Recorded data:

=== Begin Enclosure ===

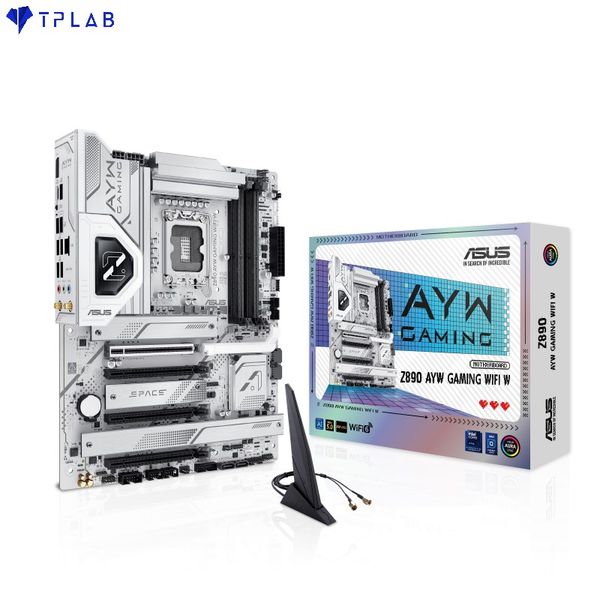  ASUS Z890 AYW GAMING WIFI W 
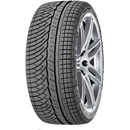 Osobní pneumatiky Michelin Pilot Alpin PA4 235/55 R17 103V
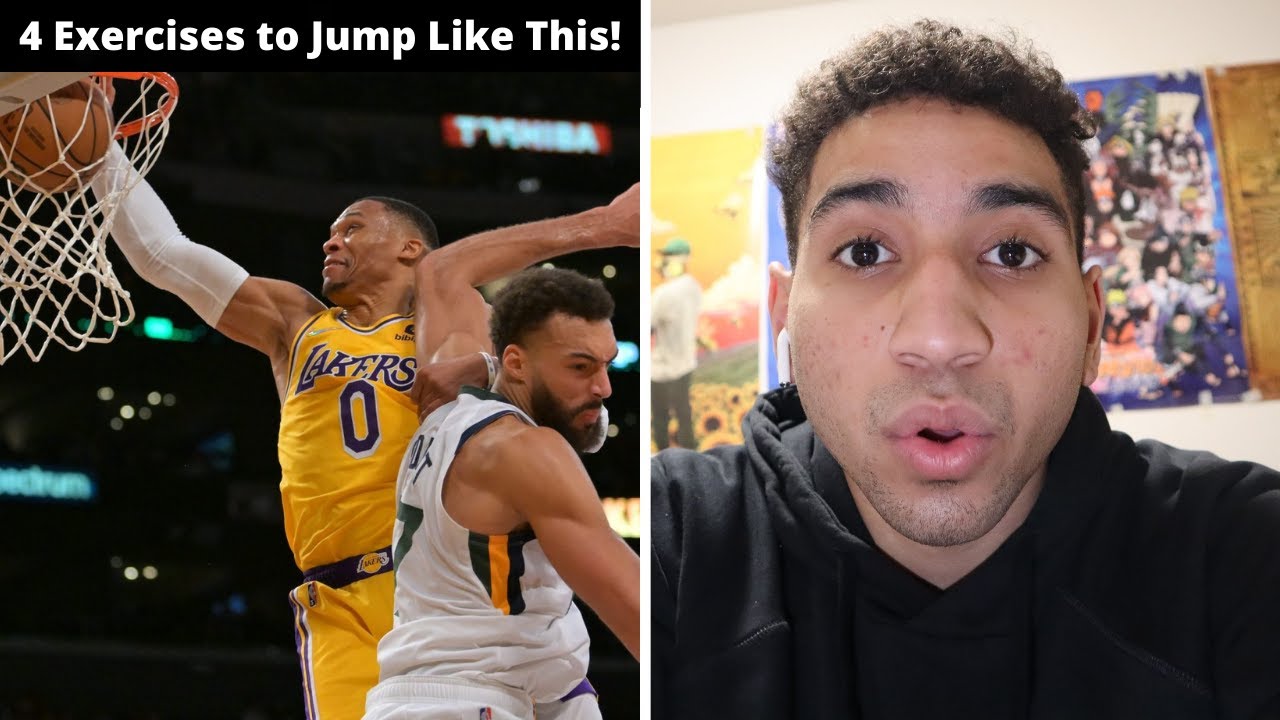 My Top 4 Strength Exercises For Vertical Jump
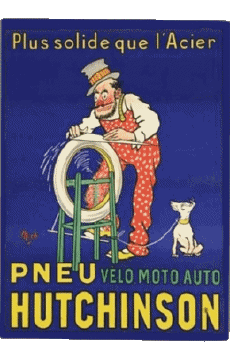 Trasporto Pneumatici Hutchinson 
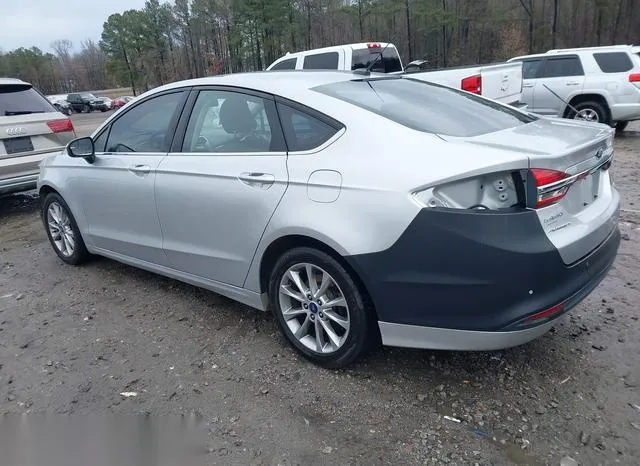 3FA6P0H73HR377382 2017 2017 Ford Fusion- SE 3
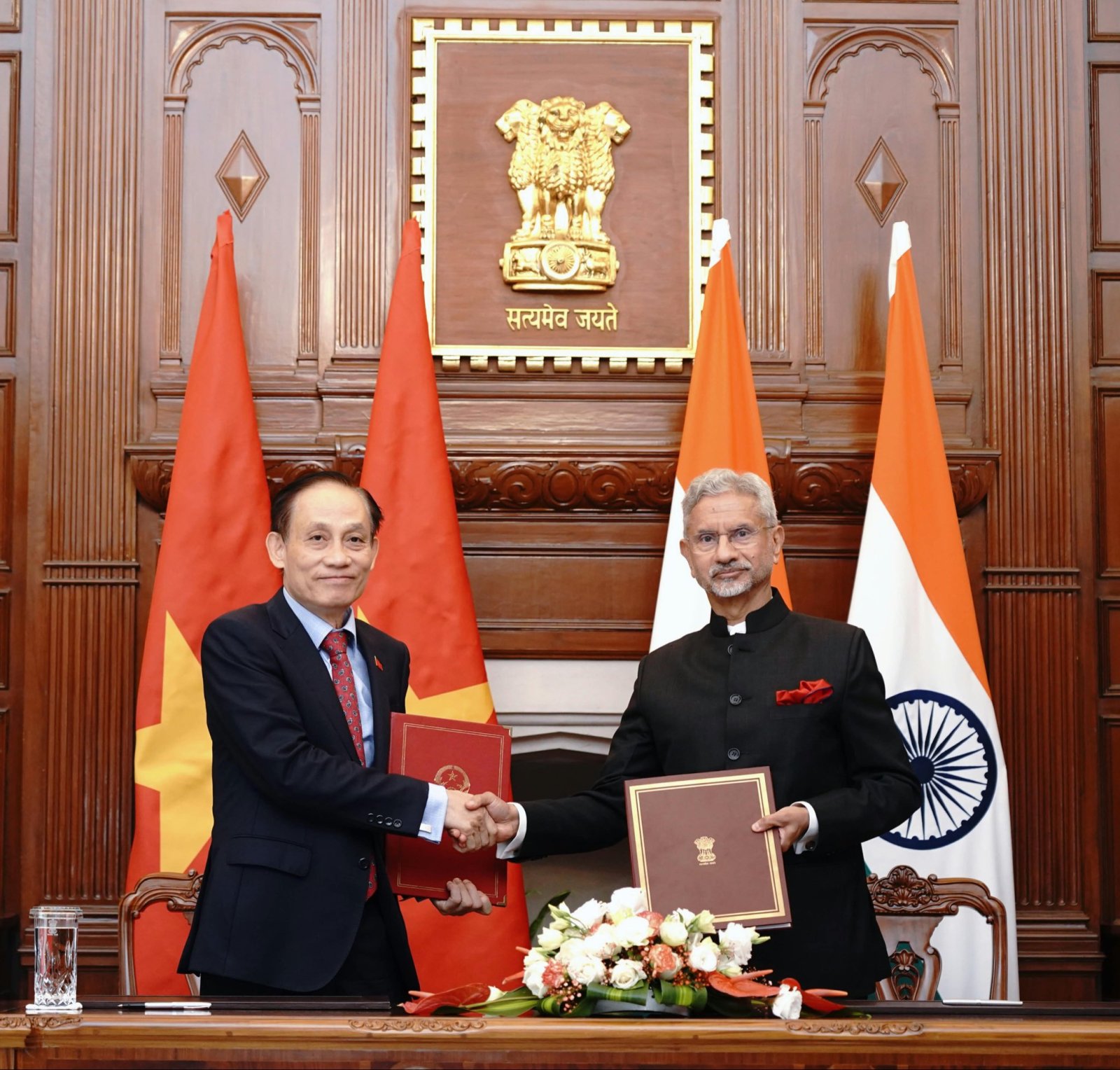 19th India-Vietnam Joint Commission Meeting (JCM) on Trade, Economic, Scientific and Technological Cooperation in New Delhi on 14 September 2026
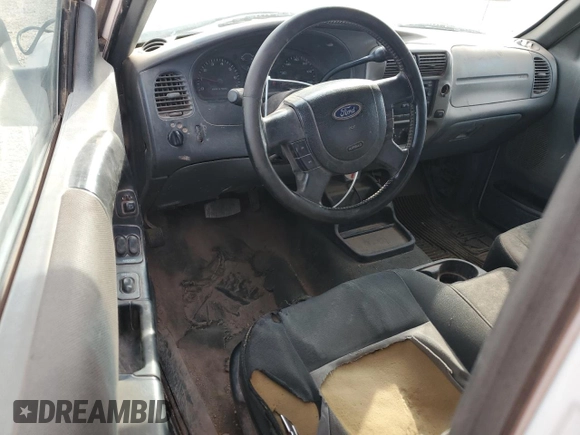 2006 Ford Ranger XLT with VIN 1FTZR45E16PA58305, listed as a Copart auction lot 73731044 with 211,394 mi miles and Clean Title. Bid and sale history available at DreamBid. Image 8.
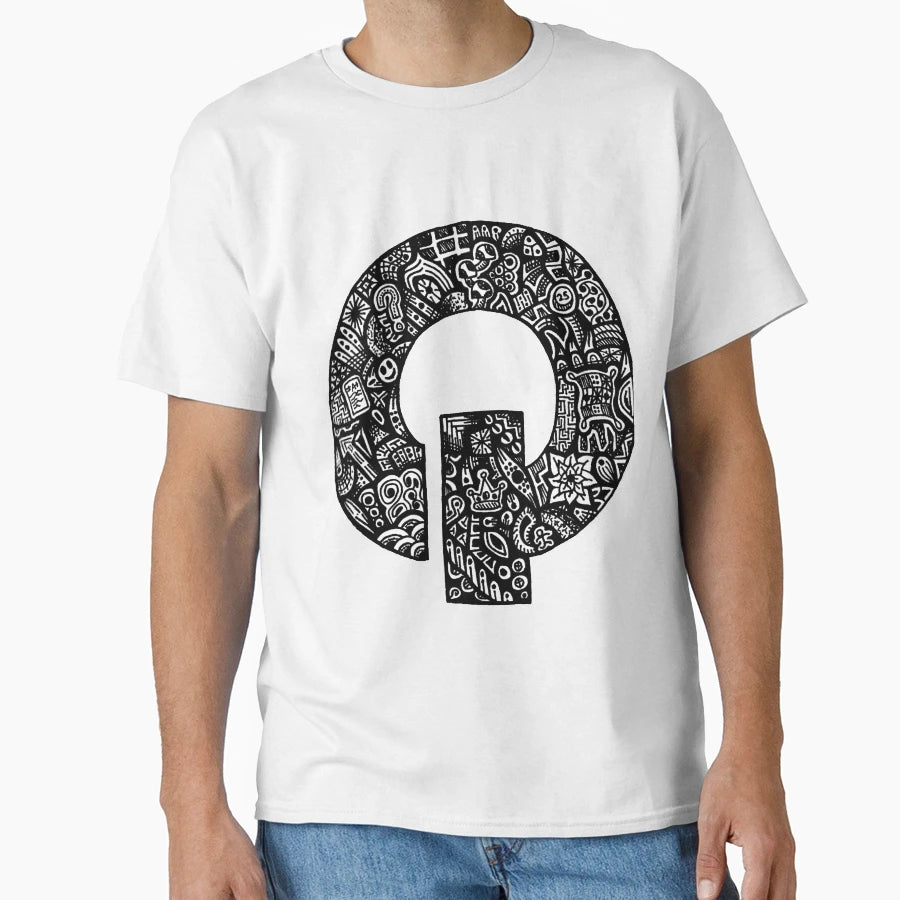 Killer Q T-Shirt - Fun Novelty Design Men Women - T-Shirt, Sweatshirt, Hoodie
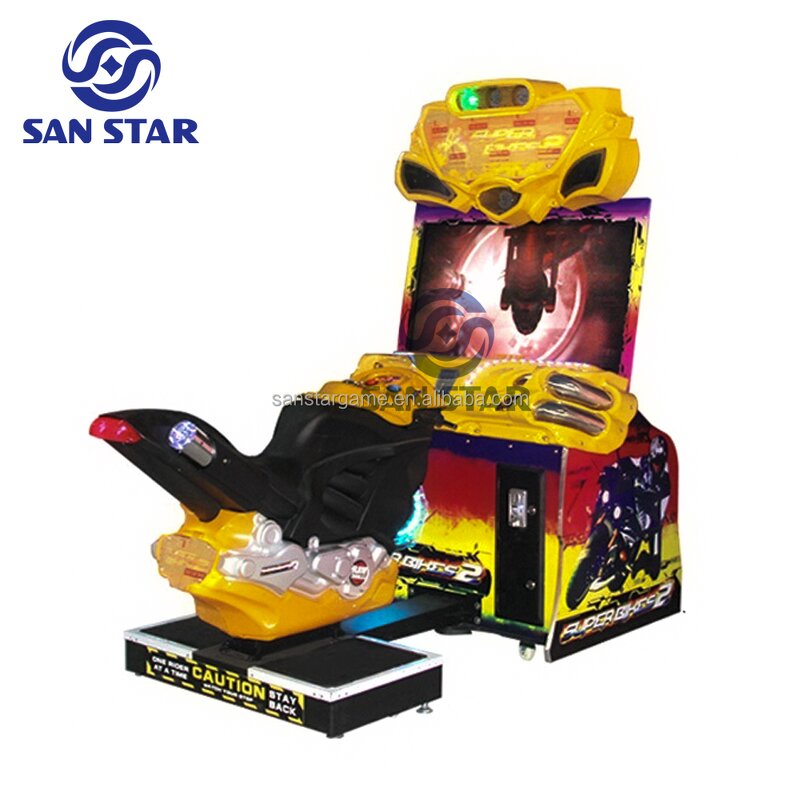 Motorcycle Racing Simulator Manufacturer - OEM/ODM Factory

=== End Enclosure ===

◆ THE PROBLEM:
From the first record above to the last, output each one exactly and omit the pictures.

◆ WRITTEN SOLUTION:
  ASUS Z890 AYW GAMING WIFI W 
 Osobní pneumatiky Michelin Pilot Alpin PA4 235/55 R17 103V
 My Top 4 Strength Exercises For Vertical Jump
 Trasporto Pneumatici Hutchinson 
 3FA6P0H73HR377382 2017 2017 Ford Fusion- SE 3
 19th India-Vietnam Joint Commission Meeting (JCM) on Trade, Economic, Scientific and Technological Cooperation in New Delhi on 14 September 2026
 2006 Ford Ranger XLT with VIN 1FTZR45E16PA58305, listed as a Copart auction lot 73731044 with 211,394 mi miles and Clean Title. Bid and sale history available at DreamBid. Image 8.
 Killer Q T-Shirt - Fun Novelty Design Men Women - T-Shirt, Sweatshirt, Hoodie
 Motorcycle Racing Simulator Manufacturer - OEM/ODM Factory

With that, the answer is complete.